Would you go to a theme park in Inca? Would you go to anything in Inca? The market brings in plenty of visitors, but it is a generally unlovely town, stuck in the centre of the island and filthy hot at the height of summer. Nevertheless, an old theme is to be revisited - that of a theme park.

This is the sort of thing that Mallorca could do with more of. Whether Inca would be the right location, or whether it would be the right sort of theme park; well, these are legitimate questions. The mayor of Inca is to make representations to a Danish company which had previously been interested in a theme park development on the island.

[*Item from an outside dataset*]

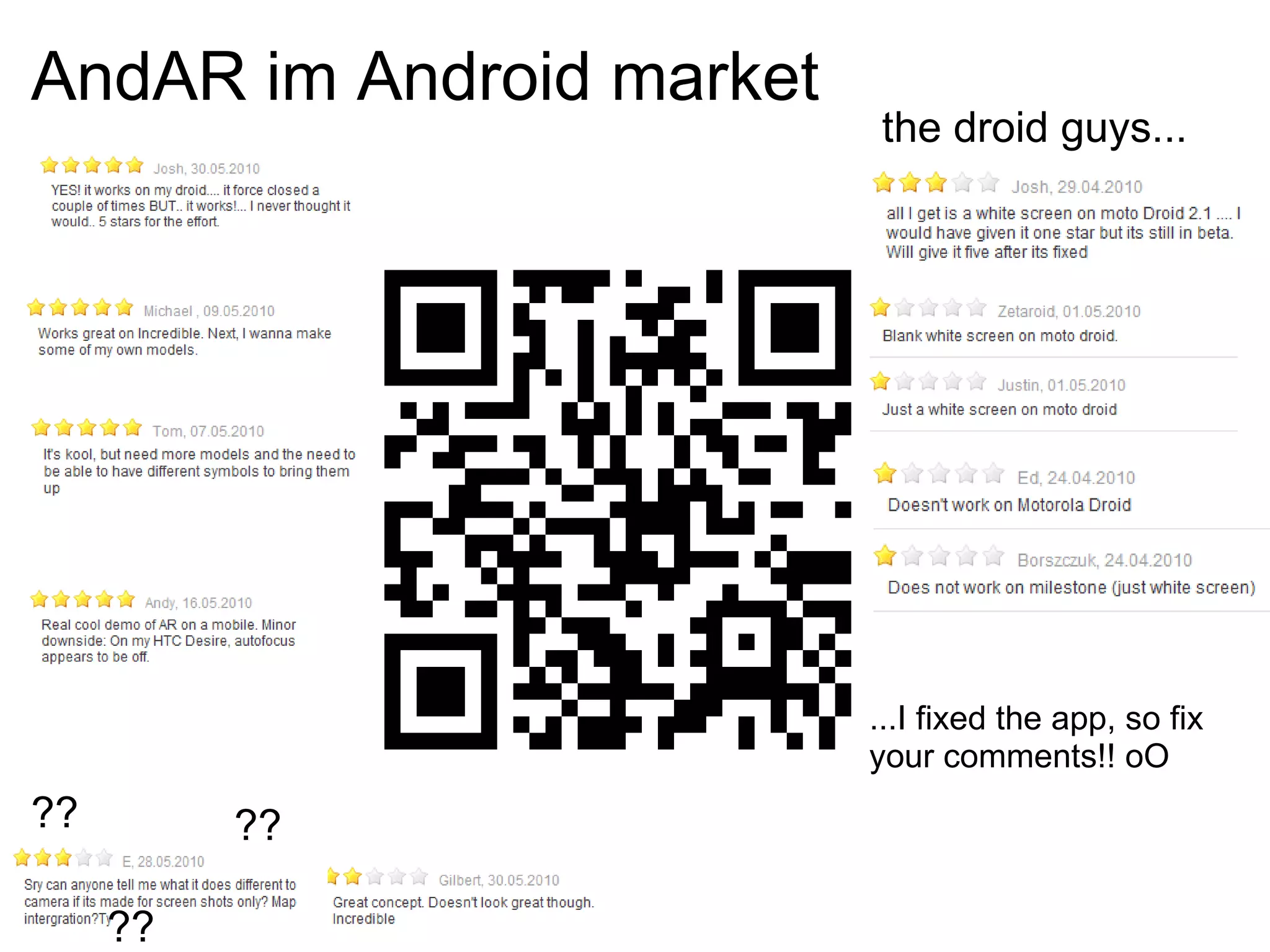 AndAR im Android market the droid guys... ...I fixed the app, so fix your comments!! oO ?? ?? ??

The story of the theme park goes back a number of years. In 2002, a plan for a park in Inca was halted on environmental grounds. The same company, Theme Park Group, turned its attention to a potential development in Calvia, one that caused an almighty great enviro stink. It, too, was abandoned. There was talk of its being revived, but this time in Campos where, you might recall, there has been yet another eco-controversy surrounding yet another golf course. Moreover, it would seem that the company at one point had an option to buy the Son Bosc finca in Muro, the site of the golf farce. Could you imagine the uproar that would have caused? It's a great shame they didn't buy it. The sport alone from the warring parties would have been wonderful to behold. A theme park in Muro would have made far more sense than a golf course, but not of course to the enviro-ists, various tree-huggers and bee-eating birds.

That the Inca project has resurfaced has to do with the creation of a third industrial estate on which there is to be provision for entertainment. It may also have to do with a shift in attitude at the Council of Mallorca under the land plan. The boss of Theme Park Group once asked whether Mallorca wanted a theme park, the answer to which seemed to be no. But now there might be a yes.

However, the report on Inca's new interest from "Ultima Hora" refers to 50,000 square metres of land on the industrial estate being given over to entertainment. Now just think about this. If you are familiar with the Bellevue complex in Puerto Alcúdia, that stands on some 200,000 square metres of land, sufficient to put up a decent-sized theme park perhaps. But on a quarter of the land? That doesn't give you much theme or park. Unless the report is wrong, it is hard to see how the company would be interested. When it was talking to Inca before, it had in mind some 900,000 square metres. This was reduced substantially, by a third, when the Calvia alternative arose, but this would also have stripped the theme park of an aquatic element.

A theme park has to be on a grand scale. And grand scale is pertinent when you consider the colossal "Gran Scala" in the desert near Zaragoza, a development that would have Mallorca's hoteliers salivating in anticipation, far more so than a damn golf course here or there, were something similar to be created on the island, which it wouldn't be. (Gran Scala, when and if it is finished, is due to occupy more than 20 times the land area of the original Inca theme park plan.)

Mallorca can ill afford to turn down the sort of projects that Theme Park Group had in mind. The smaller Calvia development would have represented investment of almost 200 million euros and the creation of 3,000 jobs. What the original Inca one would have entailed, Heaven only knows. And we are unlikely to ever know, just as it seems unlikely that the company would accept something as mini as Inca now wants.